For the third time since the start of the school year on Sept. 9, most of New York City's public schools were shut down—in large measure owing to the actions of one man. At the urging of its belligerent president, Albert Shanker, the United Federation of Teachers again walked out on strike; more than 50,000 teachers abruptly abandoned their classrooms in the latest battle over the city's ill-planned efforts at school decentralization.

Before the week ended, everyone was shouting angrily at everyone else.

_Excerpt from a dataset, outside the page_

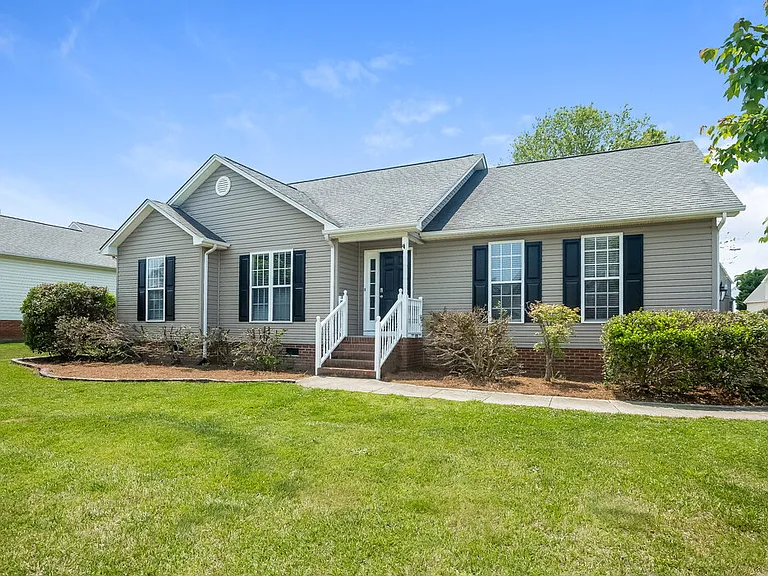 1004 Ayrshire Ln — Photo 3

Those teachers who crossed the picket lines in an effort to keep some 400 of the city's 900 schools limping along with skeleton staffs ran into a bitter barrage of invective. "Commies!" "Fascists!" "Nazi Lovers!" "Nigger Lovers!" shouted the highly confused strikers, many of them veterans of years of tortured teaching in the city's ghetto schools. Mayor John Lindsay, wearing a yarmulke, was jeered and insulted in a Brooklyn synagogue by a teacher-dominated audience as he tried to explain his stand on the strike. Shanker himself was shouted off the stage at a Manhattan meeting by a highly vocal crowd of black parents, who called him a white racist.

Vomit from Hell. The issue reaches beyond New York. Washington, Philadelphia, Milwaukee and other large cities are also grappling with the problem of how to run a sprawling urban school system. Like New York, they are trying or considering experiments in decentralization, and some of the arguments for such experiments are persuasive. Citywide school boards tend to become remote and impersonal; parents, particularly in ghetto areas, want more and more to have a say in choosing teachers for their children. Yet the problem of how to delegate powers to local boards without disrupting a whole system can be staggering.

New York's trouble began after a neighborhood governing committee in the Ocean Hill-Brownsville section of Brooklyn summarily transferred teachers because they were supposedly trying to sabotage the experiment. The committee was never able to document its harsher charges, but it stubbornly refused to back down, and hired its own nonunion instructors. The city's central school board finally suspended the Ocean Hill committee and its administrator, Rhody McCoy, because it refused to return the unwanted teachers to their regular duties. The move seemed to ease the crisis. The teachers were grudgingly accepted in seven of Ocean Hill's eight schools, and attendance throughout the citywide system returned almost to normal.

But in Ocean Hill's heavily Negro and Puerto Rican Junior High School 271, the controversial teachers were harassed by the nonunion staff. One acting principal, herself a Negro, claimed that she was confronted and threatened in her office by outside militants and later intimidated by Ocean Hill Committee Chairman the Rev. C. Herbert Oliver—a charge Oliver dismissed as "a vicious lie, vomited from the jaws of hell."